Crítica: O Quarto ao Lado, Almodóvar e uma reflexão mórbida
Avaliação: Bom
Pedro Almodóvar, cineasta que há décadas explora os corpos, os prazeres e as relações humanas em sua filmografia, parece entrar em O Quarto ao Lado em um momento de reflexão mais sombria. Algo que já mostrava vestígios no ótimo Dor e Glória, mas que aqui ganha contornos mais profundos. Se antes o diretor espanhol celebrava a sensualidade e a vitalidade, aqui ele confronta a morte, a velhice e a fragilidade física com uma morbidez quase crua.

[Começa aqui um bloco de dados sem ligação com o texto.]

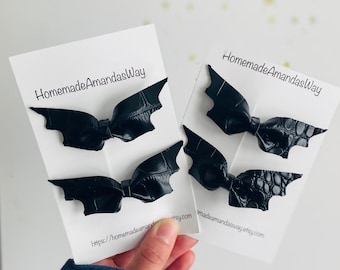 Bat Pigtails | Bat Bow|Bat Piggy Bow| Bat Piggy Clips| Bat Headbands | Halloween Bat| Bat Baby Bow| Toddler Bow| Halloween Styles| Piggy Set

A trama acompanha Martha (Tilda Swinton) em um momento de crise existencial, onde seu passado e seu presente se entrelaçam de forma desigual. Isso porque a personagem busca se resolver consigo mesma enquanto luta contra um câncer terminal. Nesse processo, ela se reaproxima da amiga Ingrid (Julianne Moore), que a ajuda a cumprir suas últimas metas.
O filme é repleto de ideias potentes e momentos de beleza visual, mas sofre de uma estrutura narrativa dispersa, como se Almodóvar hesitasse em escolher o fio condutor de sua história. A mesma hesitação de sua protagonista diante de um destino fatal. O primeiro ato constrói um contexto familiar sólido, enquanto o segundo introduz elementos quase jornalísticos e o terceiro mergulha de vez na relação entre as duas amizades centrais. Essa transição abrupta entre temas faz com que o filme pareça uma colagem de momentos reflexivos, mas desconectados.
O personagem de Damian (John Torturro), por exemplo, traz um discurso sobre crise climática que, embora ressoe com a temática de término, parece um acréscimo isolado, não integrado ao todo. Quase como se mastigasse a proposta. Repare, não se trata de uma obra de narrativa capenga ou datada, mas a sensação é de que montagem não consegue conectar suas sequências para que conversem realmente entre si. O trabalho acaba por ser disperso, ainda que agrade. No meio dessa colagem, há uma abordagem complexa sobre como a paz de espírito interfere na paz corporal e vice versa. Como se a vida fosse uma eterna luta entre os dois lados. Em determinado momento, a protagonista conta uma história de um colega jornalista que só encontrava sossego cobrindo guerras ao fazer sexo entre tarefas, o corpo aliviando a mente. Além disso, mesmo adepta das artes e da promiscuidade, Martha não consegue mais se reconectar com seus prazeres depois de tantos tratamentos químicos, como se o antes libertador corpo humano tenha se tornado sua prisão.
Essa proposta mais mórbida também pode ser reparada visualmente. O Quarto ao Lado mais contido que os trabalhos anteriores de Almodóvar. A paleta de cores, embora ainda marcada por tons primários, está menos vibrante, como se refletisse a desolação das personagens. Ou como uma forma do espanhol tomasse para si características de outras produções nova-iorquinas e colocasse seu toque ali. O diretor ainda mantém seu talento para capturar a química entre atores: os planos conjuntos das duas protagonistas reforçam sua cumplicidade. Juliane Moore e Tilda Swinton entregam uma bela troca entre a vivacidade e a melancolia, sustentadas pela direção que sabe extrair magnetismo de seus intérpretes.
No fim, O Quarto ao Lado é uma obra agradável, mas incompleta. As reflexões sobre mortalidade e corporeidade são tocantes, e há cenas que ecoam na memória. No entanto, a sensação é de um Almodóvar dividido entre múltiplas inquietações, algumas interessantes, outras mal amarradas. O filme se torna um trabalho menor na filmografia do diretor, mas ainda assim essencial para quem deseja acompanhar sua jornada artística rumo às sombras.